El repertorio mezcla idiomas y estilos, composiciones propias y versiones, todo pasado por el tamiz de su forma de hacer. Mezquida cuenta que se toman las canciones como “vehículos de juego” para expresarse, por eso no les importa el origen de los temas sino el camino que dibujan con ellos: es música sin etiquetas. Aun así, en cada directo se afanan por hacer un regalo al público en su propia lengua y el de San Sebastián llega volando justo después de Plumita y Cucurrucucú Paloma. Txoria Txori es un himno a la libertad, un recordatorio de que el pájaro más bello siempre es el que vuela. El auditorio canta al unísono poseído por un espíritu de orfeón (el Donostiarra, claro) y se hace patente la conexión que une escenario y butacas.

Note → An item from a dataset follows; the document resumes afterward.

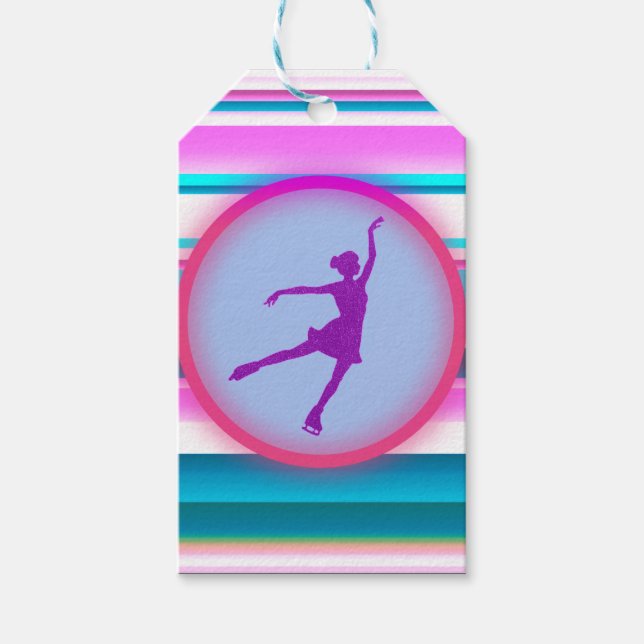 Girls Figure Skating Stripes    Gift Tags (Front)
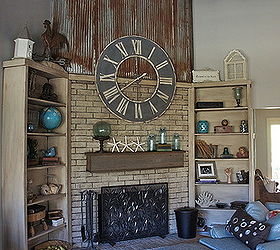 repurposed using an old barn tin roof and barn wood for a fireplace makeover, fireplaces mantels, home decor, mason jars, repurposing upcycling, Completed fireplace with repurposed items by Bella Tucker Decorative Finishes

“Adelantamos la publicación del disco de diciembre a mayo para que cada cual lo escuchase con su tribu”, explica la cantante. “Yo he llevado bien el confinamiento gracias a mi hija y a las flores”, confiesa antes de interpretar con la guitarra un tema inédito, La flor, mezcla entre oda a la primavera y tirón de orejas a la irresponsabilidad (rebrotan los veranos más que aquella flor). La autora de No hay tanto pan aprovecha la ocasión para reivindicar el papel de la música como “alimento para el alma” y señalar los espacios culturales como opciones seguras. Las casi mil personas que permanecen hechizadas desde el principio del recital le dan la razón a base de palmas.
El dúo sigue volando con Asa branca, otro tema brasileño en el que estiran y encogen el tempo a voluntad, siempre con la voz de ella trazando quiebros imposibles y la flexibilidad de Mezquida. En sus dedos están todos los mundos: lo acuático de los pianistas románticos, cada timbre de la orquesta de Ravel, el lenguaje jazzístico. La pareja transporta luego al Kursaal a una barca llena de redes con Oración del remanso, el lamento de un pescador cansado. Después se queja La llorona, una de las piezas más esperadas de la velada. El vestido blanco de Sílvia Pérez Cruz se mueve como llamando al fantasma de Chavela. “Lo que más me gusta de Marco”, lo murmura y se sonríe, “es que me deja volar”. Él también tiene claro qué es lo que le atrapa de la cantante: su manera de escuchar y crear al momento. Así, explorando, nació su versión de No surprises. La interpretan inclinados sobre un teclado de juguete que repiquetea como una máquina de escribir. El teatro entero tararea la última frase y tiene ganas de más, así que el escenario se tiñe de azul para el Pequeño Vals Vienés, un poema de Lorca musicado por Leonard Cohen, entonado por Enrique Morente pero que parece hecho a medida para esta dama de la canción de sonrisa perenne, pelo largo, voz cristalina. El escenario sangra de azul, la última ovación se hace de pie. La potencia expresiva de ambos artistas se multiplica a dúo, con soltura para soñar e hipnotizar. Hacen un viaje diferente con cada canción, un trayecto que saben cómo empieza, pero no cómo acaba. Esa es su música, esa es la vida, antes y ahora.